**PROBLEM TO WORK ON**.
With the pictures removed, the data below must be transcribed in full and exactly.

**DATA EXTRACT**.
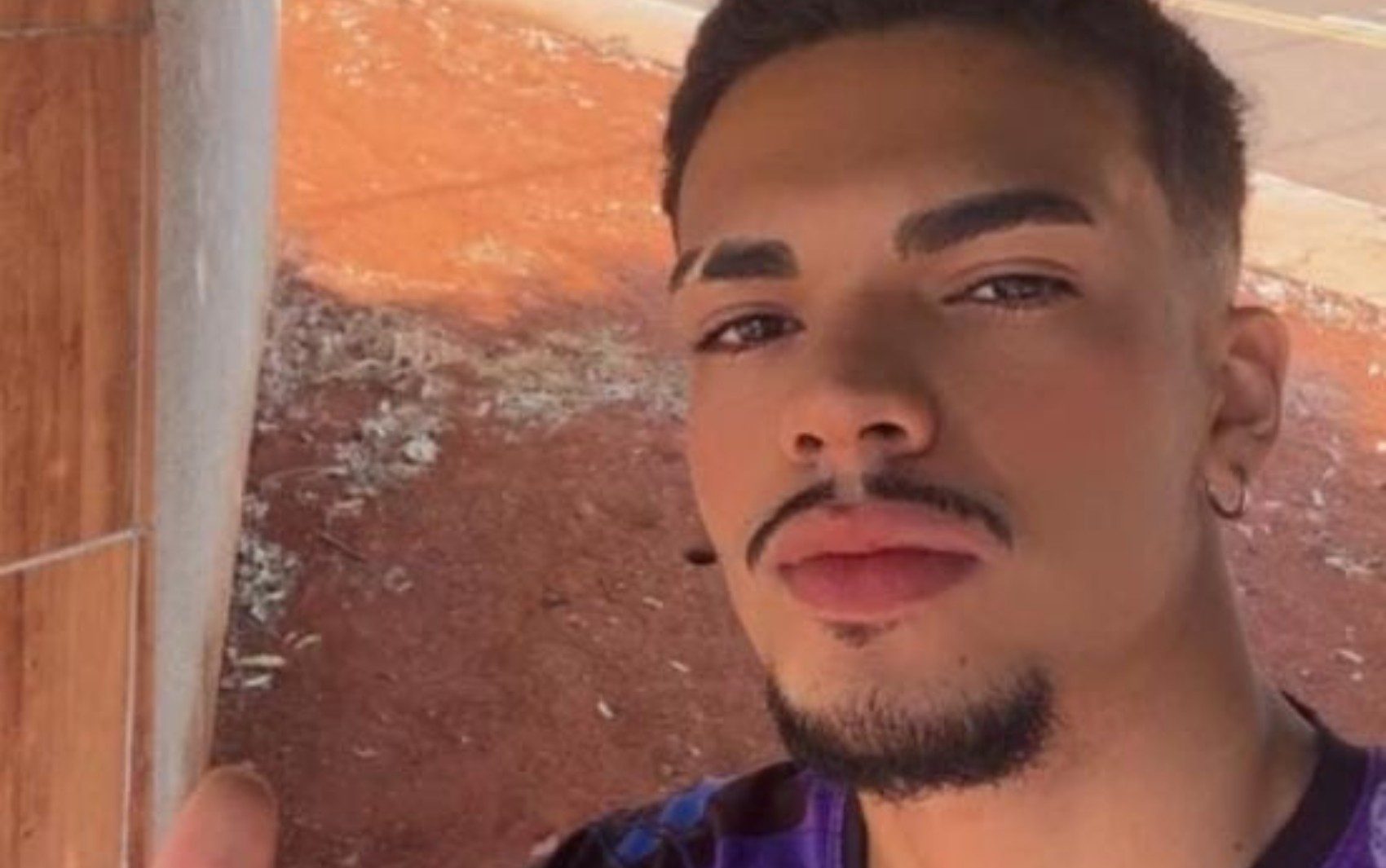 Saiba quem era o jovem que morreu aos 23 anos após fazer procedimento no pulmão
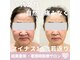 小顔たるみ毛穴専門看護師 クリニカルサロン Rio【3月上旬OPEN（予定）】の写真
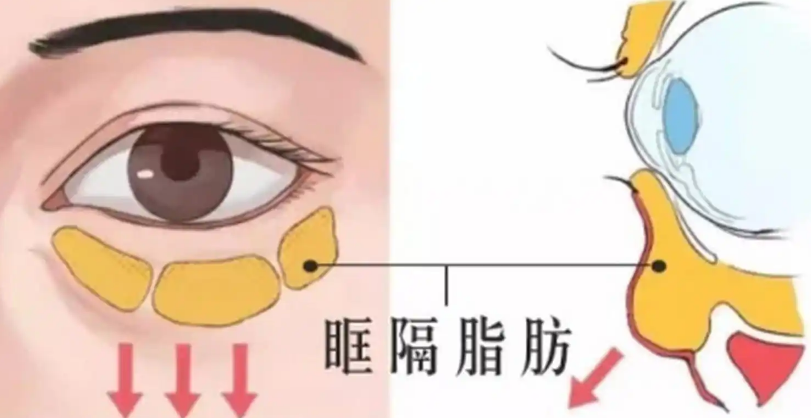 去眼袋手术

**RESPONSE AREA**.
 Saiba quem era o jovem que morreu aos 23 anos após fazer procedimento no pulmão
 小顔たるみ毛穴専門看護師 クリニカルサロン Rio【3月上旬OPEN（予定）】の写真
 去眼袋手术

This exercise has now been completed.